The input:
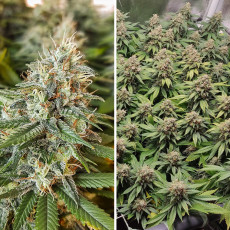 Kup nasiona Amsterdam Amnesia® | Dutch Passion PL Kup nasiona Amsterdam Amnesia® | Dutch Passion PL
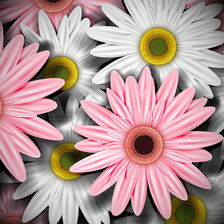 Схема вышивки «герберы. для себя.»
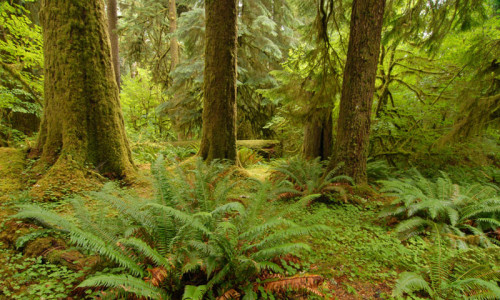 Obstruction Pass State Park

==

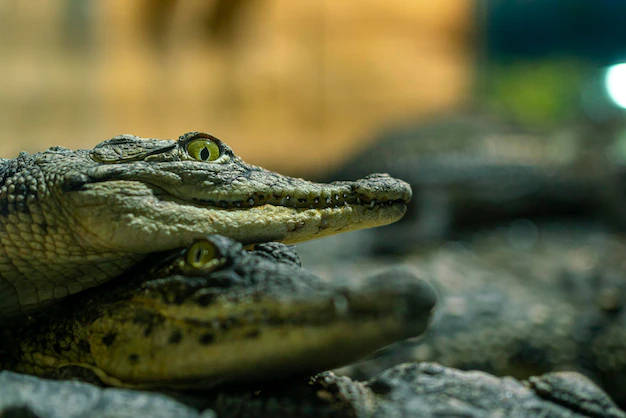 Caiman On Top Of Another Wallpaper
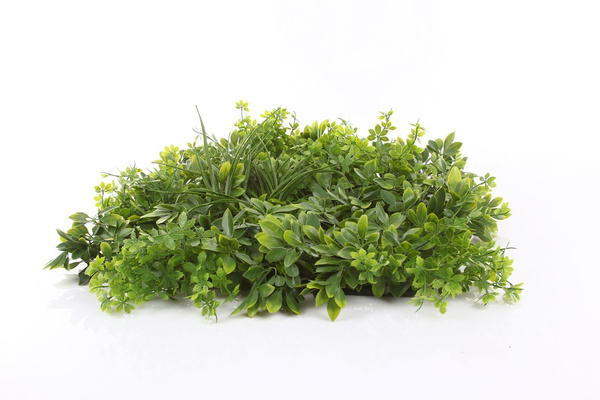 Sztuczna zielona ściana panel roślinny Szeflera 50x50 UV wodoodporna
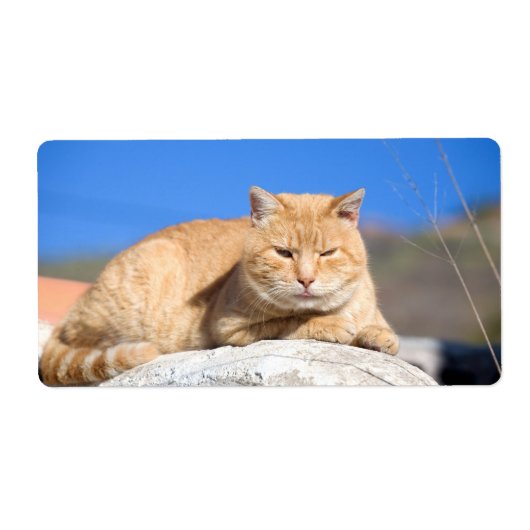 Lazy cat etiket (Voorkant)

==

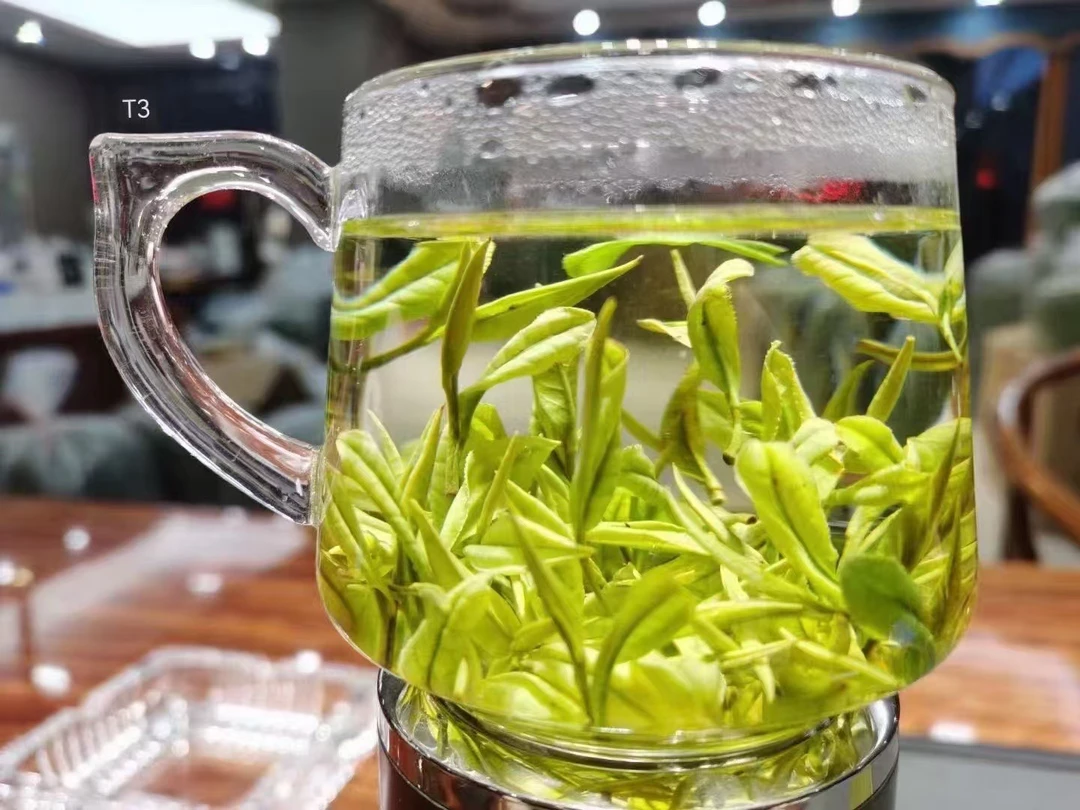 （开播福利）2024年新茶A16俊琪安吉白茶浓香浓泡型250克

Exercise prompt:
Starting from the line with "Kup nasiona Amsterdam Amnesia® | Dutch Passion PL Kup" in the records above, repeat each line exactly until you have written the line with "Obstruction Pass State Park", then stop; drop the pictures.

Completed exercise:
 Kup nasiona Amsterdam Amnesia® | Dutch Passion PL Kup nasiona Amsterdam Amnesia® | Dutch Passion PL
 Схема вышивки «герберы. для себя.»
 Obstruction Pass State Park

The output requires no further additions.